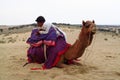 Camel with a man lying on the sand in the desert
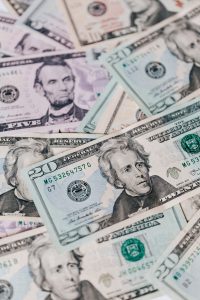 money bills laying on top of each other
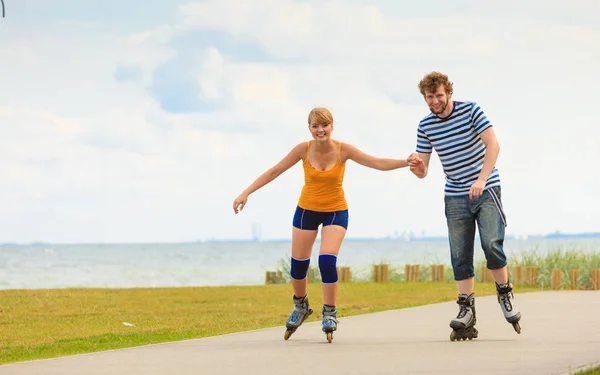 Pareja joven en patines de ruedas montando al aire libre —  Fotos de Stock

**Instructions to follow**
Quote each line of the listing exactly, but leave the pictures out.

**Response below**
 Camel with a man lying on the sand in the desert
 money bills laying on top of each other
 Pareja joven en patines de ruedas montando al aire libre —  Fotos de Stock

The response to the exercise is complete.